Before that trek, however, it must be admitted that there is no simple point-and-shoot passage to resolve the issue. Just about everyone readily admits that some gifts and activities cease at some point. An early and significant influence on the Pentecostal movement, A.B. Simpson, explains why some gifts continue when others cease.

Why then cannot the dead be raised now as in the days of Christ and His apostles? There is nothing to render such an occurrence impossible, but there is at the same time no Scriptural authority to justify our claiming it. The command to exercise this ministry was given to the twelve apostles, not to the seventy. And the time for the resurrection of Christ’s people is distinctly stated thus: “Afterwards, they that are Christ’s at His Coming.”2

It seems that the question is not whether certain gifts will cease, but rather which gifts will cease and when. Cessationists have been drawn to 1 Corinthians 13 in the past. But that passage offers very little help to the cause of cessation, and has in fact more recently been turned to the use of continuation. The argument looks something like this: The Cessationist argues that verses 8-10 clearly indicate that while love will never fail, prophecy and knowledge will be stopped and tongues will cease whenever the perfect has come. Since the Cessationist in this case identifies the perfect either with the completion of the canon or the death (and therefore completion of the work) of the last apostle then the sign gifts (at least prophecy, tongues, and knowledge) must cease then. W.A. Criswell’s treatment of this argument from 1 Corinthians 13 is as clear as any:

The speech of the child (the gift of tongues) is no longer needed in the mature man (the church beyond its infant stage). The understanding of the child (the gift of prophecy) is no longer needed in the full-orbed revelation of God (the church with the completed, written Word). The thinking of the child (the gift of knowledge) is useless in the maturity that accompanies God’s final, revealed will (the church with the fullness of inspired revelation). These gifts belong to the infancy, the babyhood of the church. In maturity they are no longer needed.3

Very simply then, the argument goes, the church does not need sign gifts once the canon is complete (or the role of the apostles is satisfied), and therefore the Holy Spirit no longer provides those gifts. They cease.

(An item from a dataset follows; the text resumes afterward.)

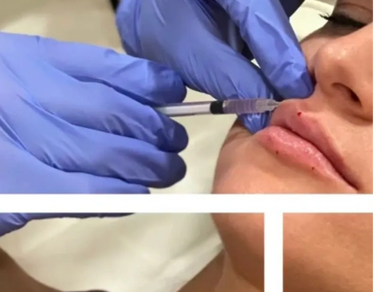 Dermal Filler for lips is a must to improve the plump hydrated appearance we lack.
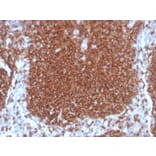 Immunohistochemistry - Anti-CD19 Antibody [rCD19/4591] - BSA and Azide free (A253763) - Antibodies.com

But the Continuist quickly points out that the best contextual explanation for when the gifts cease in that passage is neither the completion of the canon nor the end of the apostolic period, but the perfection apparently described by the phrase “then face to face” or “then shall I know even as also I am known” in verse 12. Either of those phrases provides a good foundation for arguing that the perfection Paul has in mind is the completion of the saints at the return of Christ. Not only does that reading undermine the Cessationist reading of the passage, it actually establishes grounds for a positive Continuist argument. The gifts may cease, the argument goes, but not until the Parousia. C. Samuel Storms (representing the “third wave”) makes this position perfectly clear in his contribution to the Counterpoints series on this topic. “And despite the controversy that still surrounds it, I remain convinced that 1 Corinthians 13:8-13 dates the cessation of the charismata at the perfection of the eternal state, consequent upon Christ’s return.”4

Although he does not anticipate this argument directly, Criswell’s line of reasoning does explain why he does not identify the Parousia as the moment when the gifts cease. In the paragraph immediately following the one cited above he puts the perfection of verses 12-13, seeing and knowing and understanding “fully and completely”, parallel to the examples of perfection in verses 10-11, leaving the relationship between the sections of the passage open.5 His reading is not the best defended or most accepted today, but neither is it difficult to see. The point is that there is not a definitive conclusion to be made from 1 Corinthians 13 about when the sign gifts cease. Richard Gaffin states succinctly that neither this passage nor Ephesians 4:11-13 (whose mention for him also identifies the continued gifts with the continuation of apostleship) addresses whether the sign gifts will cease before the Parousia.6

The lists of spiritual gifts provided in the New Testament also provide little help regarding this question. It is obvious that no list is complete in itself and that no list provides any distinguishing characteristic of gifts that would cease. But neither is there sufficient continuity between the lists to argue that they represent either a complete set of gifts during New Testament times or that they represent a consistent set of gifts to be expected throughout the (then) future of the church.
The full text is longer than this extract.